Welcome to the Joyce Luck Club!
Last month (I’m so behind on this post!), I convened the #JoyceLuckClub, my own riff of The Joy Luck Club, the sisterhood of women from Amy Tan’s famous novel. It was one of my favorite books growing up. It was the first book I saw myself in. Not just as an Asian-American woman with a complicated relationship with my mother, but as a woman who wanted to be seen for who she really was.
I love the idea of a circle of women who help each other make their own luck and fortunes in life. My modern-day version of the mahjong club is a conversation series for women breaking new ground and writing their own rules—in life, family and career—to share stories and talk in person. It’s so nice to be able to share the accomplishments and wisdom of your friends with others—and to make new friends at the same time. (With cocktails, cheese, crackers and custom Get Go fortune cookies of course!)

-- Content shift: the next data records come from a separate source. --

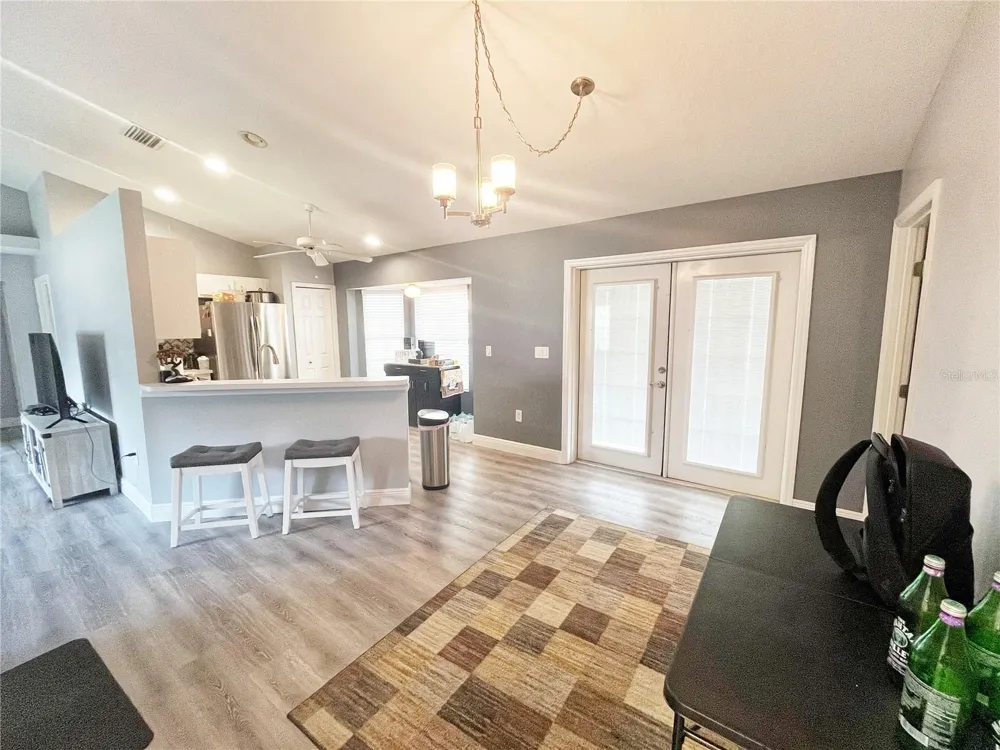 3201 NE 42ND PLACE ocala, FL 34479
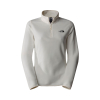 THE NORTH FACE - 100 GLACIER 1/4 ZIP FLEECE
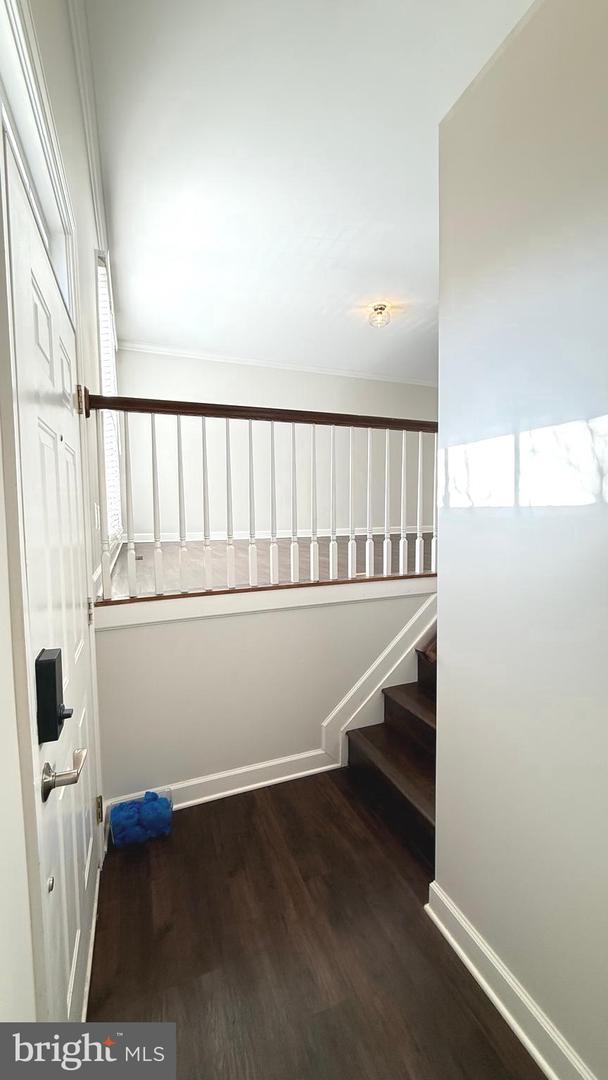 8036 TREVOR PL, VIENNA, Virginia 22182, 3 Bedrooms Bedrooms, ,2 BathroomsBathrooms,Residential,For sale,8036 TREVOR PL,VAFX2288600 MLS # VAFX2288600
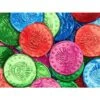 Bee International Aloha Bubble Gum Coins: 100-Piece Bag -Candy Store bee international aloha bubble gum coins 100 piece bag candy warehouse 1 e3ad5887 2abd 47da 89b9 7b259d0f8ccb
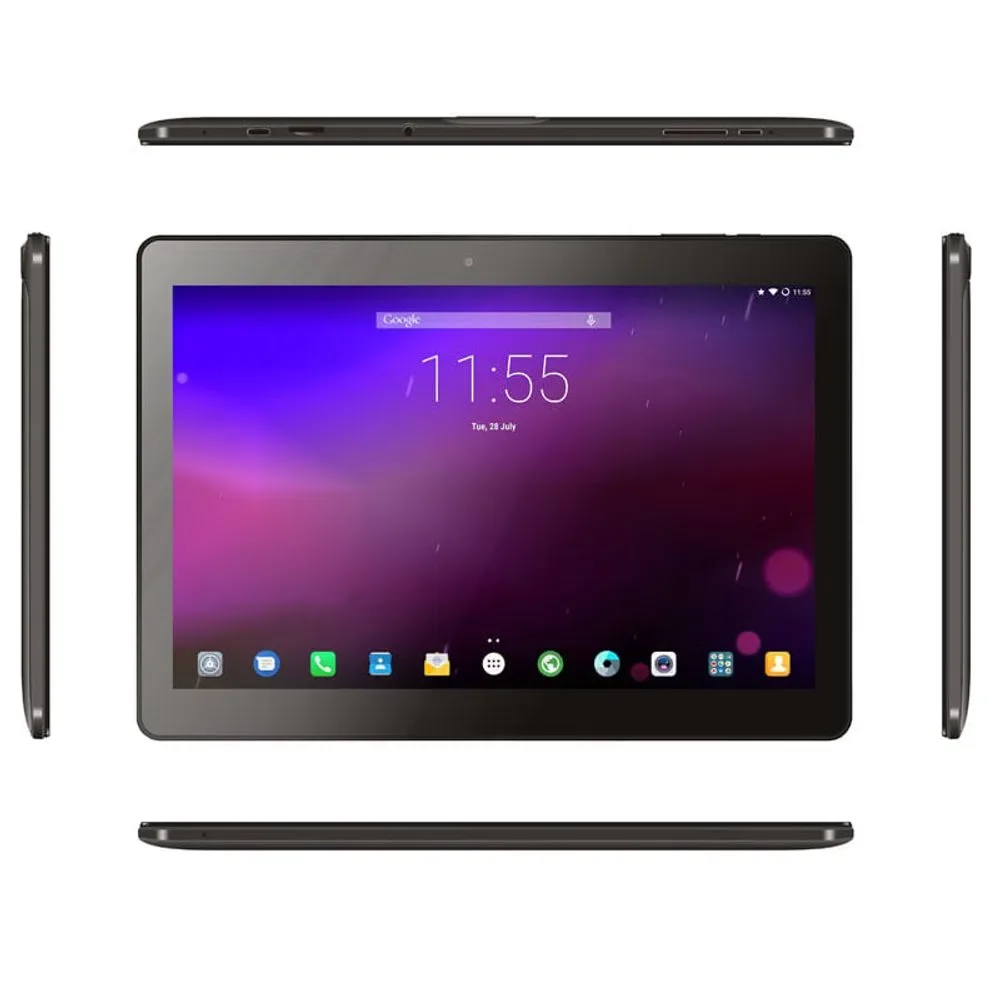TABLET HDC T10-232 32GB 2GB RAM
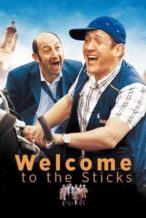 Nonton Film Welcome to the Sticks (2008) Subtitle Indonesia Streaming Movie Download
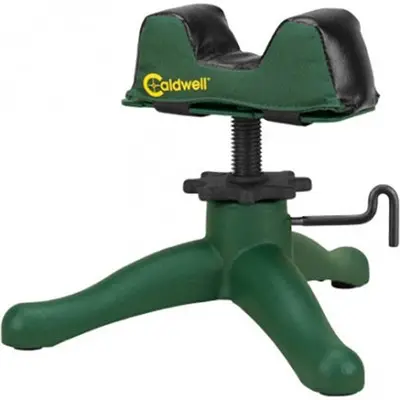 the-rock-jr-shooting-rest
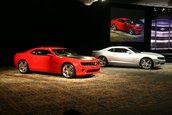 SEMA 2008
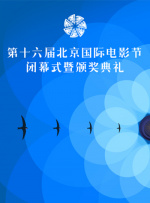 色综合久久网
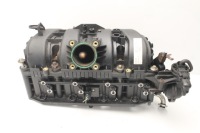 фото thumb №5, Opel corsa d 1.2 b колектор всмоктуючий 0280600046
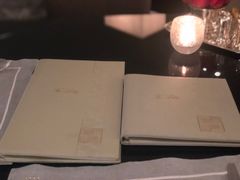-王府半岛酒店·大堂茶座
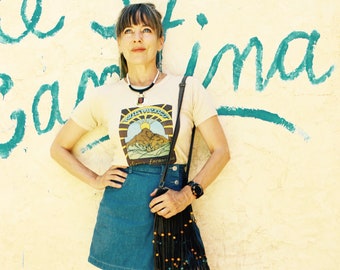 Vintage SouthWest T-Shirt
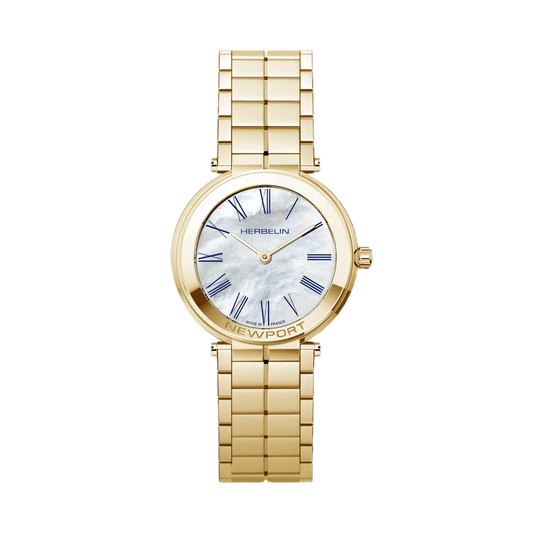 NEWPORT SLIM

For the first panel discussion, co-hosted by Jenni Kayne at their effortlessly chic store in Tribeca, I invited Sylvana Durrett, the founder of Maisonette, a luxury retail site for babies and children, Cayli Cavaco Reck, founder of Knockout Beauty, an exceptionally curated beauty destination, and Jordan Salcito, founder of Ramona, a fizzy cocktail beverage that’s utterly irresistible and tastes like summer in a can (though I’ve been known to drink it all year!).

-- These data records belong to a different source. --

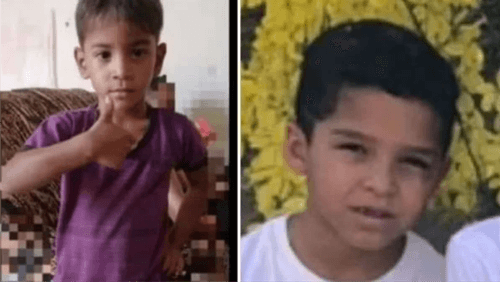Crianças de sete anos morrem afogadas após caírem em poço na Bahia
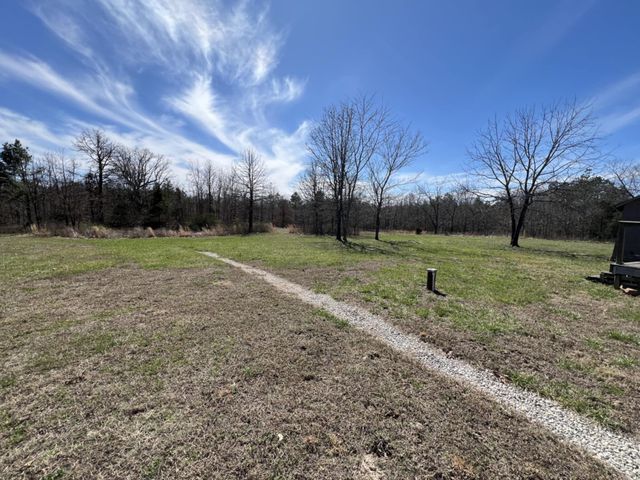 4668 County Road Ww-D, Summersville, MO 65571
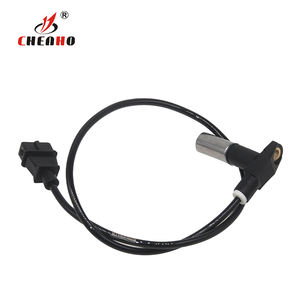 Sensor de posición del cigüeñal para 535 635 735 3 <span class=keywords><strong>Series</strong></span> 5 6 E34 E28 BMW 12141274644 - Product Image 4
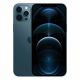 6011315 MGCU3VC/A Brand New Apple iPhone 12 Pro Max 128 GB, Unlocked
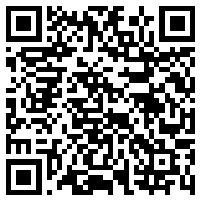 QR Code for bitcoin:bitcoin:bitcoin:bitcoin:dash:Xd5koAP49PS9DkH5cSF78eeVkUxe6qcGLT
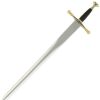 Knives * | Cimg20 Gladius Carlos Sword Letter Opener Special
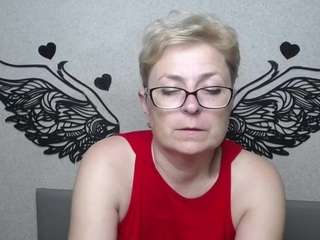 emiliagree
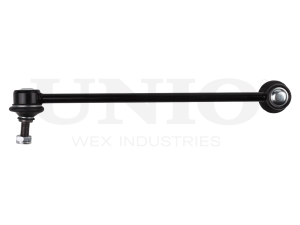 Front right stabilizer link photo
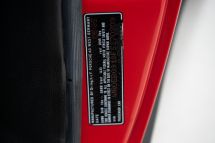 Porsche 911 3.2 '85 (1985)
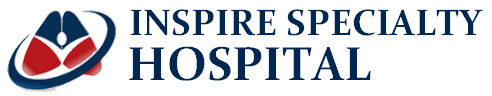 Inspire Specialty Hospital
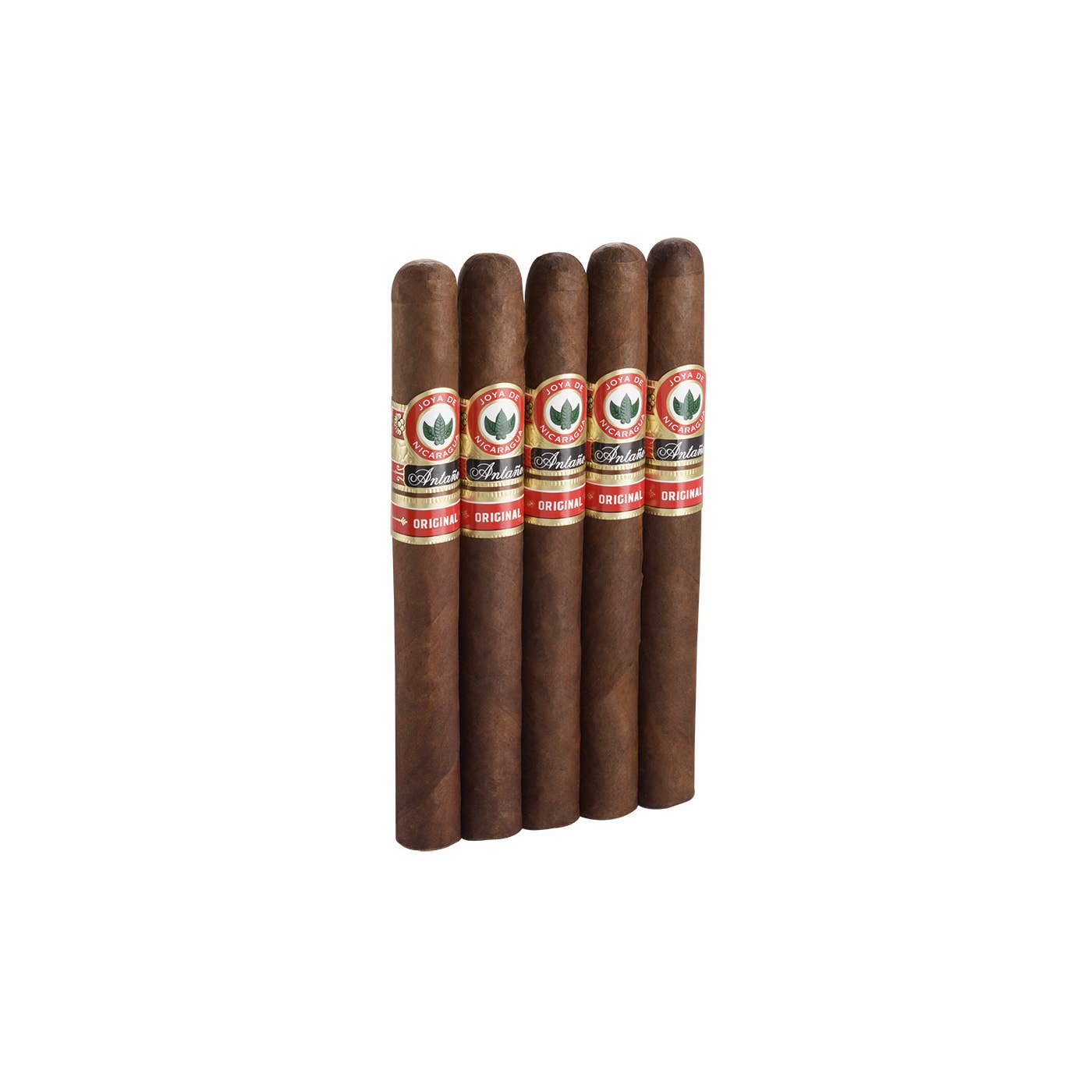 Joya de Nicaragua Antano 1970 Churchill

Each of these women embody qualities that I try to channel throughout my own start-up journey. Although more progressed than me, they still are in the early stages of developing their businesses and brands. As I baby-step my way forward with the Get Go, I love hearing about how others got their starts and learned to walk. Here are some takeaways that I’ll keep repeating to myself as I keep the Get Go going…

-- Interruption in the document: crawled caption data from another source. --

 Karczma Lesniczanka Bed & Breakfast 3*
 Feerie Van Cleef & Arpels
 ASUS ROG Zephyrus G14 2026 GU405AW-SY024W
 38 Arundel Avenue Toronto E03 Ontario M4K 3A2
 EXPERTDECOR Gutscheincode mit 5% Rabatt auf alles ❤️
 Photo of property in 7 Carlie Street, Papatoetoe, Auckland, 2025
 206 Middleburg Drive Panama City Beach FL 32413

YOU ARE CAPABLE OF MORE THAN YOU KNOW.
Sylvana had worked at Vogue Magazine as one of Anna Wintour’s most trusted deputies for many years. Her life from the outside was enviable: A glamorous job, a beautiful family. But to Syl (who was once my intern and I’ve known since she was a teenager–her older sister, Daniela, one of my best friend’s from college), having a great-looking life wasn’t the goal. It had to feel satisfying.
“I wanted to prove to myself that I could do something hard,” she shared. “I wanted to prove that I could handle the business, that I could create something that combined the things I loved—fashion and my children. Hopefully, my kids will be proud of what I built one day.”
Self-satisfaction is the ultimate metric. Creating a business for not only you, but to inspire your children is the most noble mission of all. There’s so much pressure in starting up and so often we are dissuaded from doing things because they’re hard. What I admire most in Syl is her steady, unflappable determination. She takes every twist and turn in stride. It’s the sign of a real leader.
YOU ARE YOUR OWN SECRET WEAPON.
“So I thought to myself, what am I good at? I’m not that funny,” Cayli said about how she came up with her business, Knockout Beauty. “But I’m charming and personable. I can cheer people up and make them feel good. What can I do with that?”
For Cayli, the business—a jewel-box of a beauty story on the Upper East Side of Manhattan, a pop-up in Bridgehampton, and online destination–is an expression of herself. It’s charming, cozy, bright, meticulously curated and perfectly appointed. A beauty dream come true. When you walk in, you’re greeted with warmth and treated to such thorough customer service. It’s a place where feeling more beautiful is possible because of the amazing selection of products and being welcomed into a fun, juicy insider conversation the minute you walk in. I’ve never walked into either location without immediately joining a lively conversation in progress with other customers and staff.
The thing that comes most naturally to her is the thing that makes her business and brand stand out from the others.
BREAK THE RULES ONCE YOU’VE MASTERED THEM.
The world of wine is one of the most rarified worlds. As the director of special wine projects for David Chang’s restaurant group, Momofuku, Jordan is one of a few young female stars. When she didn’t pass the Master Sommelier exam, based on subjective judging, she decided she’d make her own product based on new rules of her own definition.
“Ramona is irreverent—in name and concept,” Jordan told the audience firmly. “Why should I or any woman be ashamed of enjoying a bubbly, sweet beverage when we’re not in the mood for wine? Why shouldn’t it be excellent quality with integrity of ingredients just because it comes in a can? Why can’t it be seriously well-made and fun too? Why do we have to drink seriously? Why shouldn’t a drink like Ramona have a place at the table? Why should only men have seats at the table? Who gets to make these rules up?”
But as serious as Jordan is about the quality of her product, the signature of the brand is how playful it is. The packaging is bright and bold. The taste is zippy and light. The attitude is uncomplicated and fun.
Named for Beverly Cleary’s classic children’s book character, Ramona Quimby, a tomboy little sister who’s constantly getting into scrapes, Ramona, the beverage, is a grown-up antidote to the scrapes of adult life. Crack open a can of Ramona, and you can’t help but take life a little less seriously.
I’ve always believed that you need to learn the rules to break them. Jordan breaks them so cleverly and with such finesse, it’s a masterclass in the art of rule-breaking. Her secret: She knows exactly what she’s doing because she paid her dues, learned the rules and is now making her own game.
SHARE THE LOVE AND WISDOM.
This one’s mine. I think stories and the people who tell their own are powerful forces. Stories of how we take a risk empower more people to believe they can do the same. Stories of how we endure and stick it out through the challenging times help others feel less alone. Putting a face behind hard work, success and even failure or a slump show that nothing is impossible and there’s no shame in the ups and downs of life.